Supplied data ->
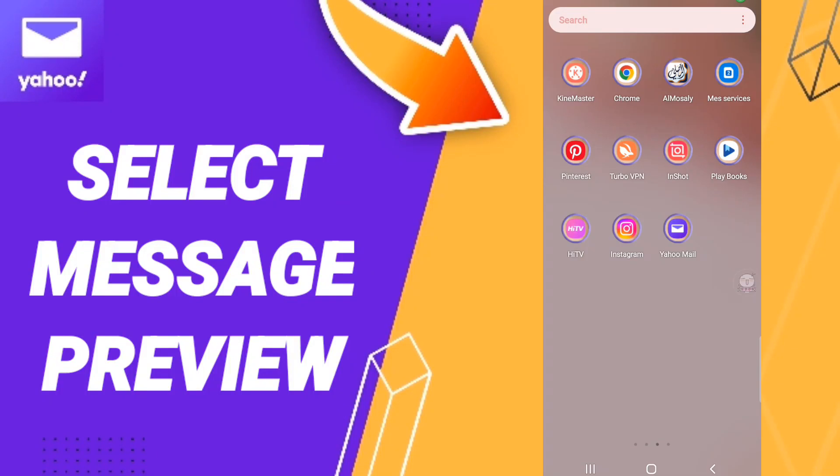Hi everyone, today we'll talk about how to select message preview on the Yahoo Mail application. To know how to choose message preview on Yahoo Mail, you should just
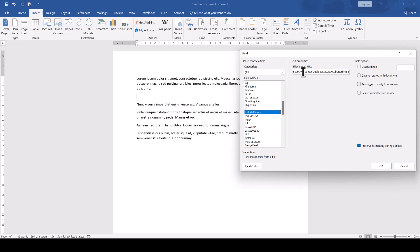On the right side, we check the box which says Data Not Stored with Document and then we can confirm everything with OK.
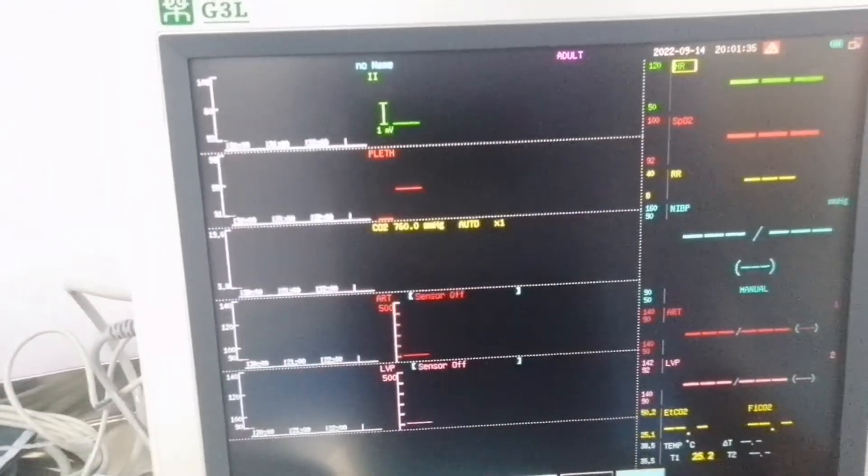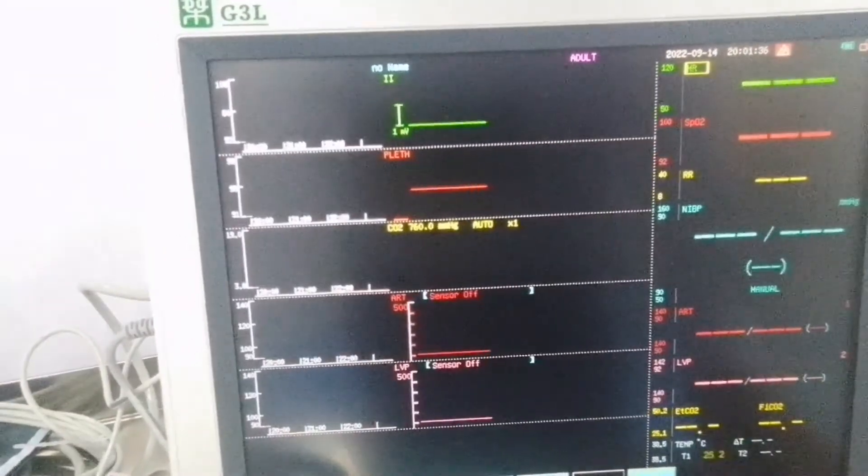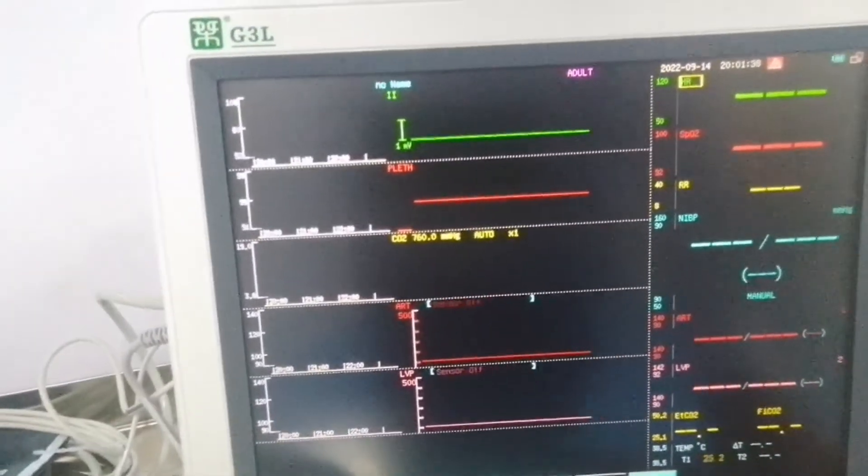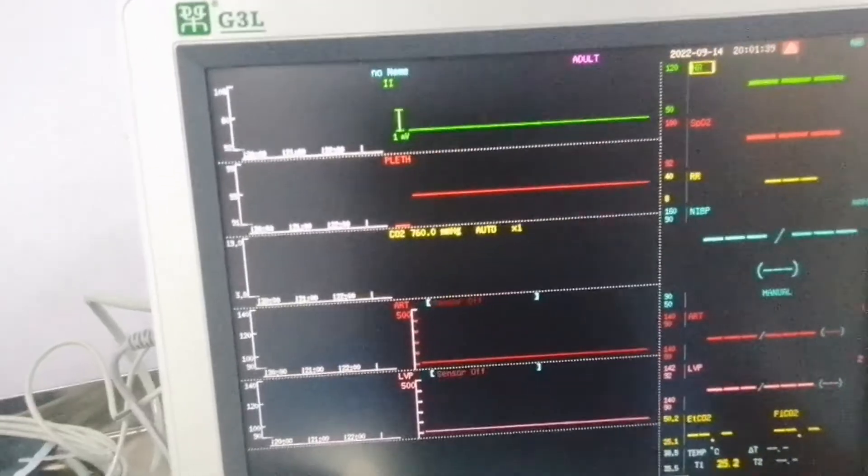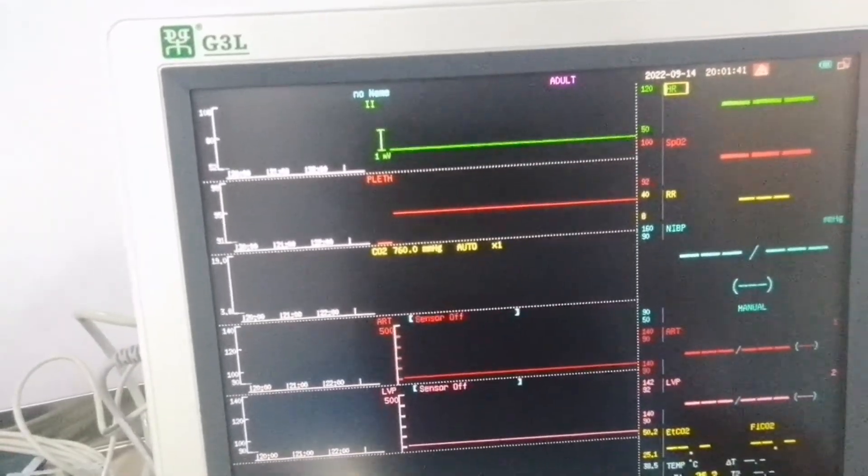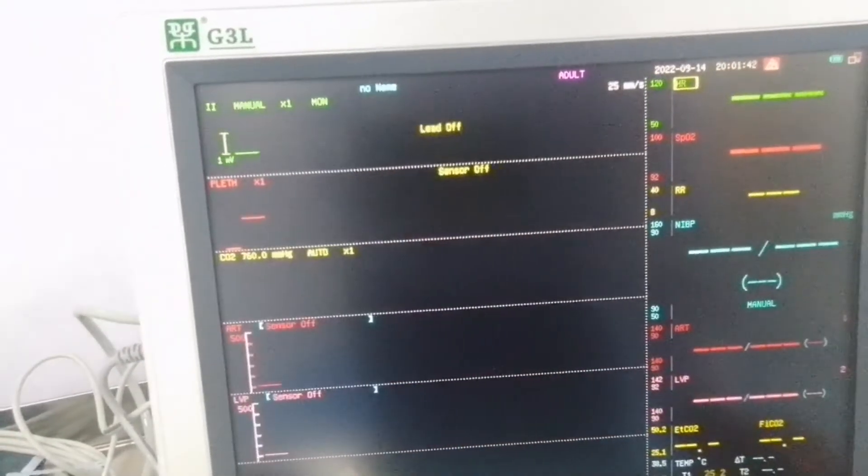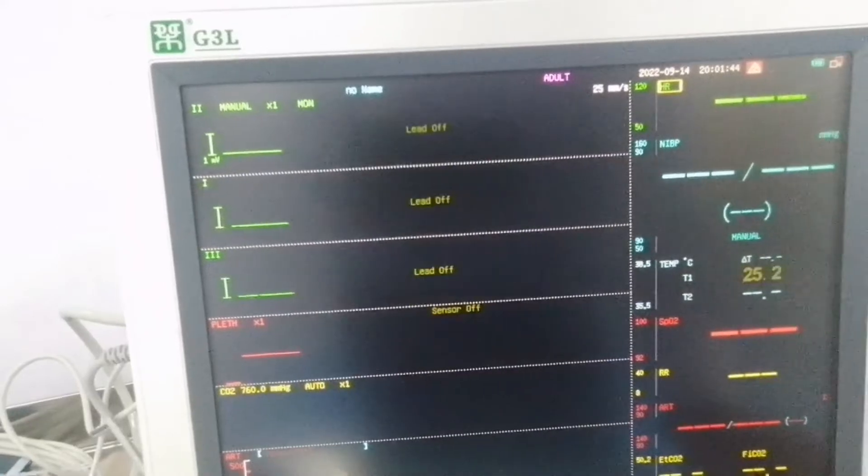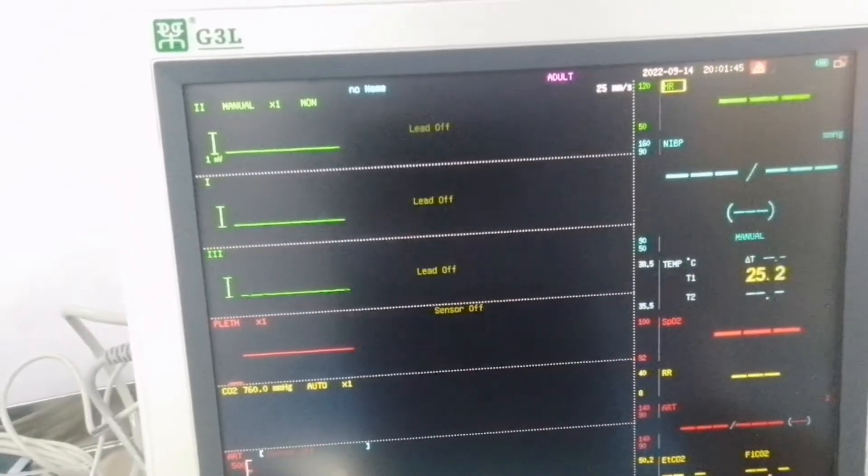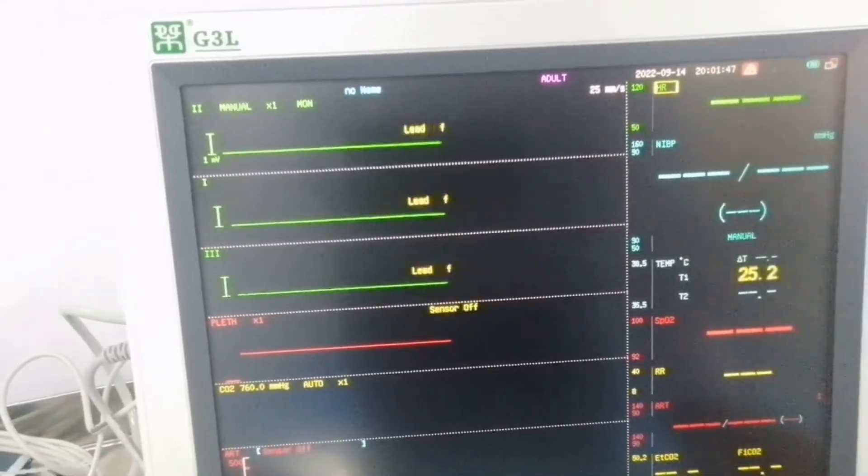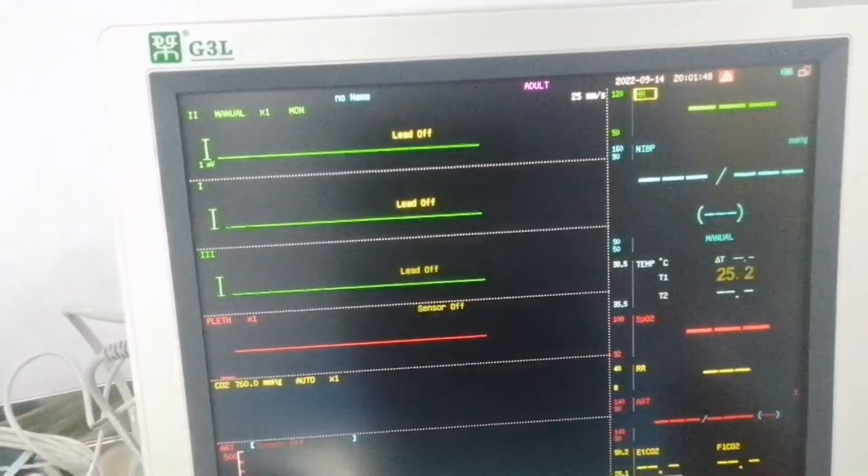Huge digit means all parameters numeric display will be huge. And same with mini trends, all parameters and waveforms will be in mini trend shape. So we will go to 1 ECG or 3 ECG according to our requirement. So this is the main function of the display setting.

What you should do -> Return the data above unchanged. Pictures are not part of the copy.

Exercise solution ->
Hi everyone, today we'll talk about how to select message preview on the Yahoo Mail application. To know how to choose message preview on Yahoo Mail, you should just
On the right side, we check the box which says Data Not Stored with Document and then we can confirm everything with OK.
Huge digit means all parameters numeric display will be huge. And same with mini trends, all parameters and waveforms will be in mini trend shape. So we will go to 1 ECG or 3 ECG according to our requirement. So this is the main function of the display setting.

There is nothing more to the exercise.